Customers will notice the difference.

Before sitting down to eat, much less being served, diners take in their surroundings when they enter a restaurant. It could be their first visit or their hundredth, they could be looking for a nice family dinner or a quick and satisfying bite to eat on the go; However, beyond the decoration, these guests will notice something much more important: cleanliness. Some customers make it a point to visit the bathroom before sitting down to order. If the facility fails the white glove test, the restaurant loses a potential sale.

Cleanliness can make or break a restaurant’s reputation, yet little time is generally spent training restaurant employees on proper cleaning methods, and few establishments hire commercial cleaning companies because they don’t realize the benefit to it. can provide.

Hired as servers, cooks, hosts, and hostesses, employees are expected to know how to clean. Cleaning becomes something employers pass off as general knowledge, something everyone should know how to do because everyone has had cleaning experience to some degree.

But what if someone’s job was to clean and they were specifically trained to deep clean, know how to inspect their areas and do the best job possible? Imagine that person was trained to know the difference between various cleaning products, which ones work best, and how to use them correctly to get their full benefits.

They are not things that the chef or kitchen staff are trained to excel at. And besides, why pay high wages to someone to do a job for which they are not qualified? Does it make sense to have a hostess, who is apparently hired for her social skills and her ability to make the customer feel valued, go completely against her personality type to become a customer-oriented cleaner? details? The result will be a dissatisfied employee and unsatisfactory housekeeping.

Guests don’t want to know about your work budget. They don’t care that you are trying to save money by multitasking your employees. They want more than great food – they want a memorable dining experience! You can’t give them that without the confidence that your restaurant’s cleanliness is top notch.

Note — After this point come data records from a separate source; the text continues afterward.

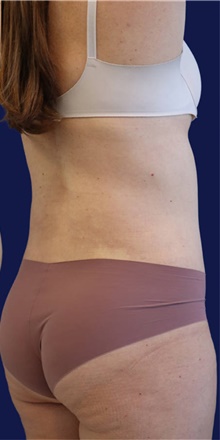 Liposuction After Photo by Munique Maia, MD; Tysons Corner, VA - Case 48855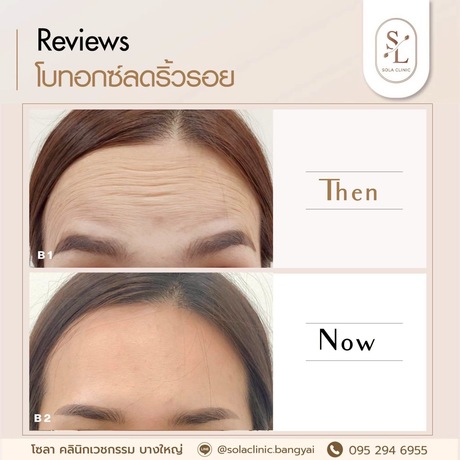 SOLA CLINIC (Bangyai Branch) SOLA CLINIC - โซลา คลินิกเวชกรรม สาขาบางใหญ่ image_picker_76150A58-2DB3-4E65-9A86-880A8DC1D8BB-90611-00000B6C69830C2A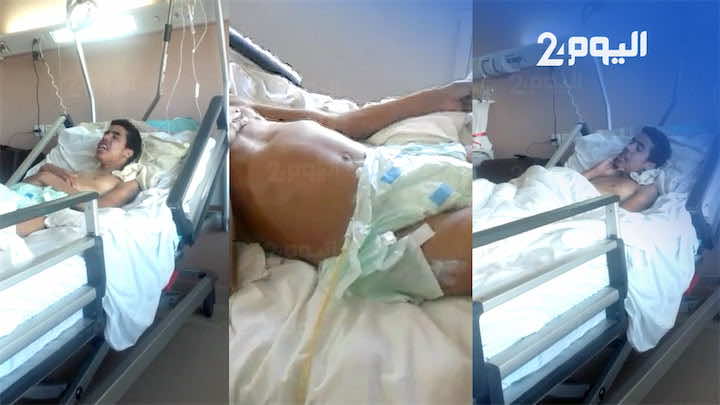 معاناة طفل مصاب بجرادة داخل المستشفى ووالدته تطلب إنقاذه-فيديو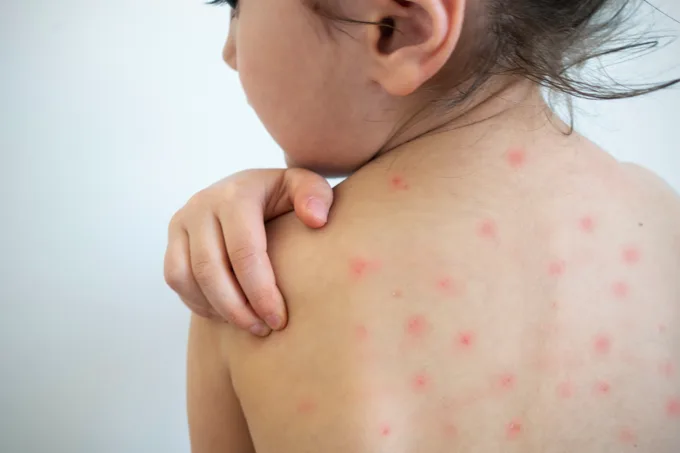 Sarampo: o que acontece quando uma geração começa a esquecer o valor da vacina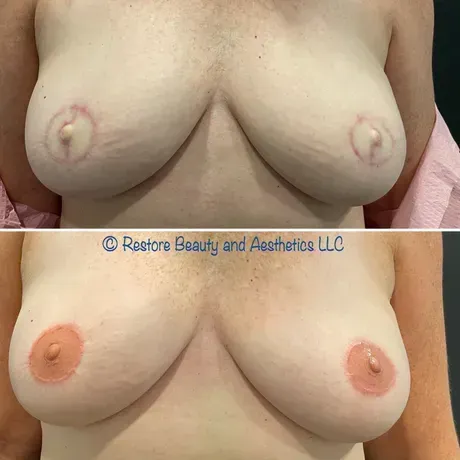 Areola Restoration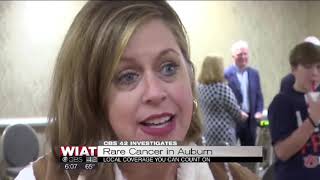 CBS42 Auburn Eye Cancer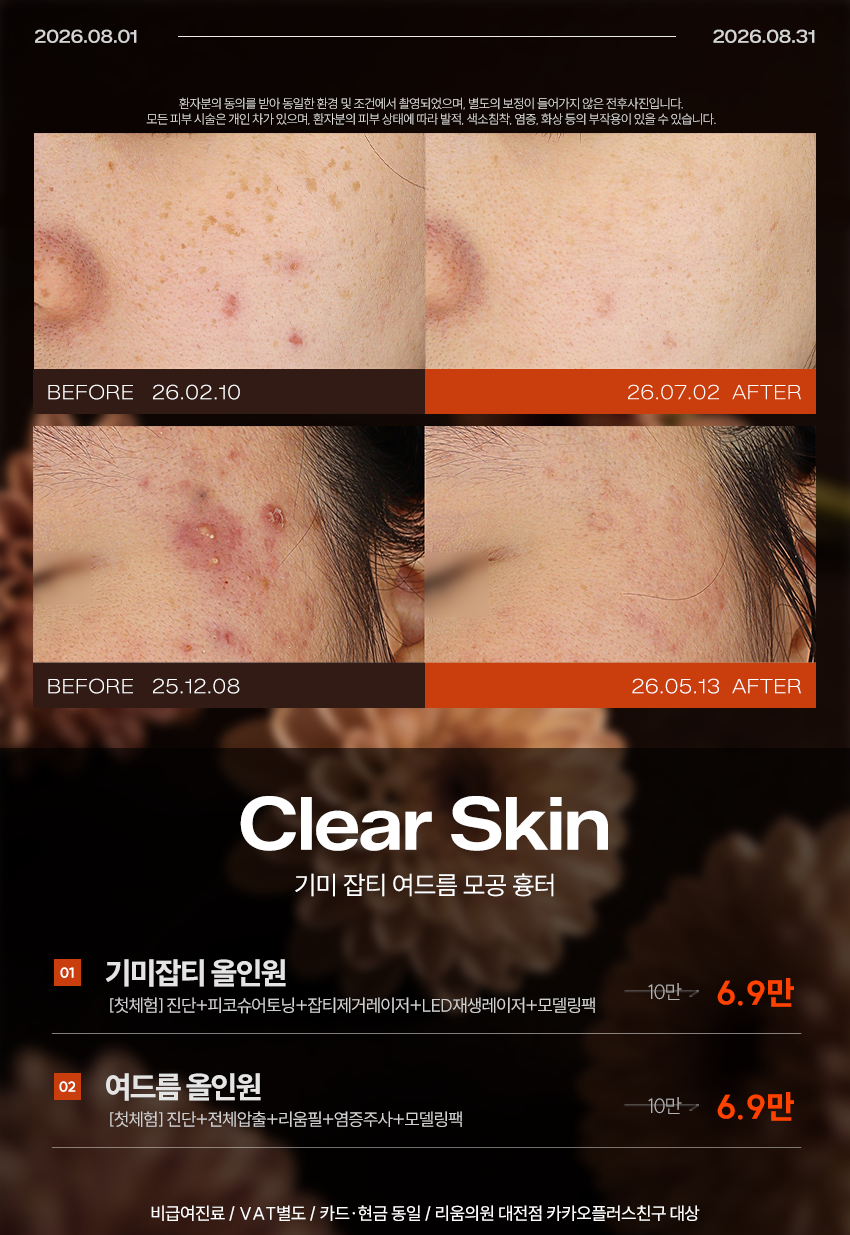 기미/여드름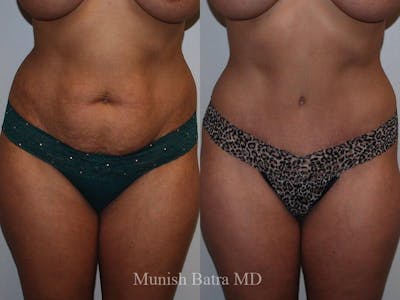 Tummy Tuck Before & After Gallery - Patient 691893 - Image 1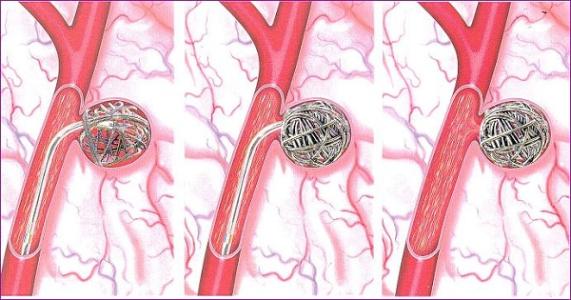 可拉伸的無線傳感器可以監測腦動脈瘤的愈合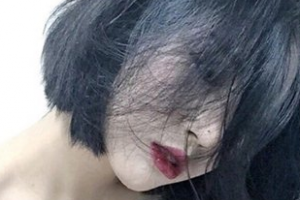 2020成都今妃醫(yī)學(xué)美容診所整形價格表(價目表)全新發(fā)布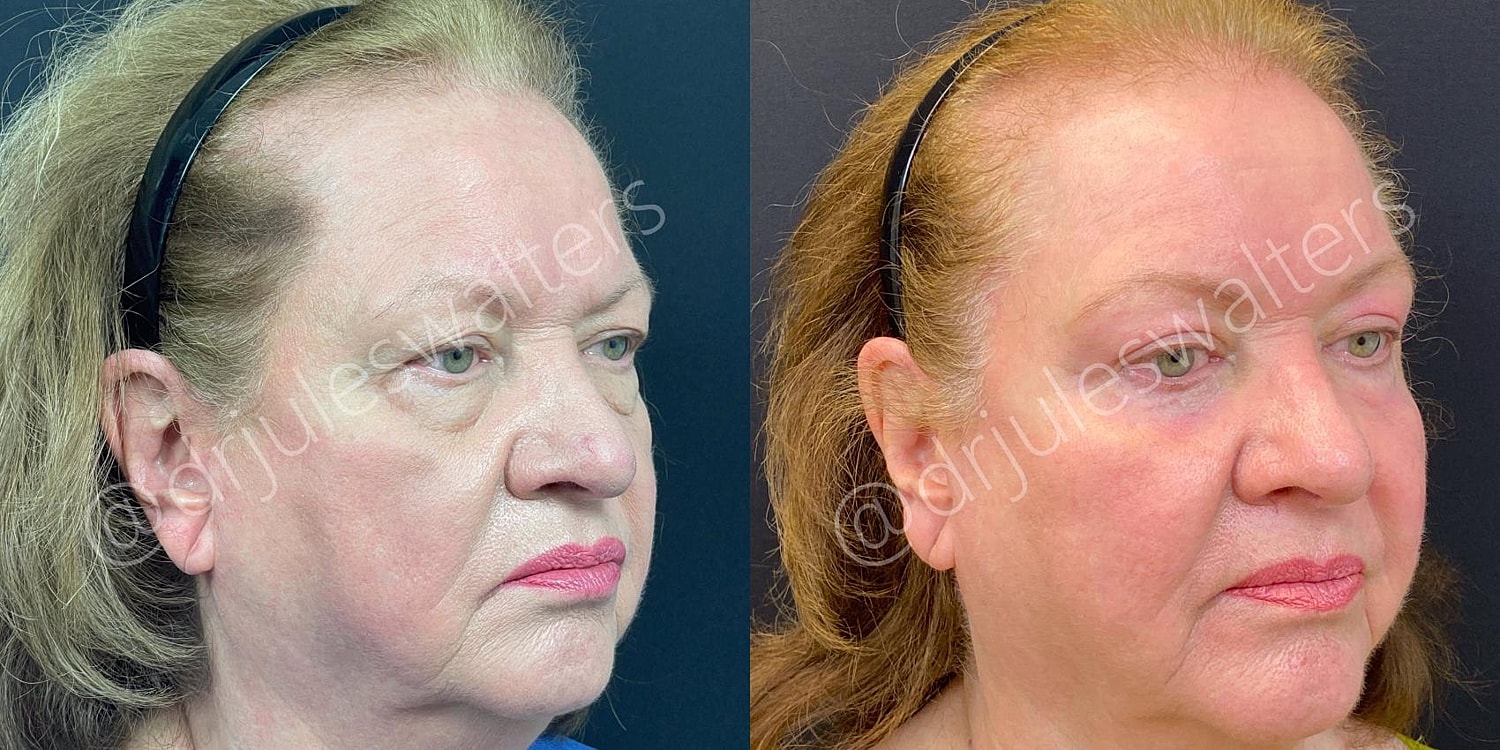Blepharoplasty Before & After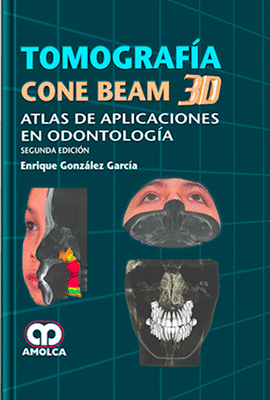 TOMOGRAF�A CONE BEAM 3D ATLAS DE APLICACIONES EN ODONTOLOG�A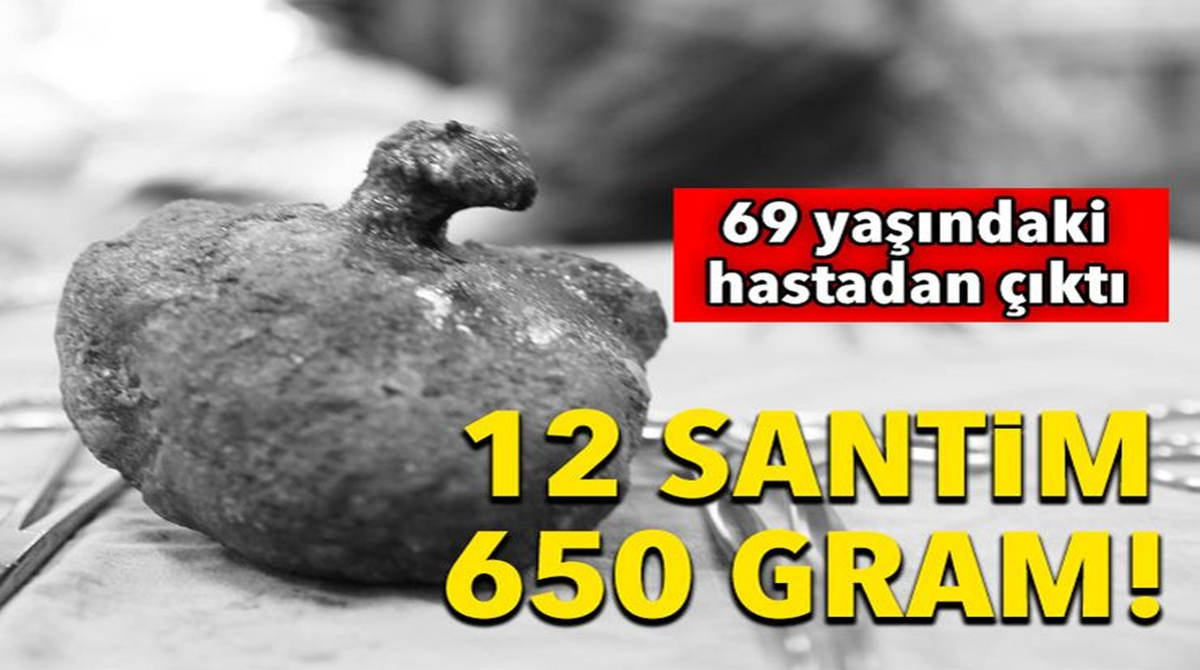 69 Yaşındaki Hastadan Çıktı..12 cm 650 Gram !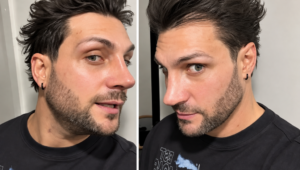 Nicola Porcella aclara rumores sobre fotos de su rinoplastia y muestra su rostro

Commercial cleaners make it their job to deep clean (after all, that’s what they’re there for, not to serve food or drinks). They see cleaning as a multifaceted task. The establishment should not only look clean, but also smell fresh and be free of germs. No ghostly stains, no trace of cooking oil, just the kind of coolness your grandmother used to get from letting the breeze flow through her gingham drapes.

And let’s not forget the food critics.

Points are immediately removed if your restaurant isn’t up to scratch, and that always includes cleaning.

We are taught from a young age that it is okay to ask for help, and then we have to relearn it later in life. It is typical to expect a lot from an employee, even at minimum wage, and high turnover rates are also typical, especially in the restaurant business, which of course leads to spending more money hiring and training new employees. . Restaurant managers can mop them up, but each time that will mean biting off more than they can chew.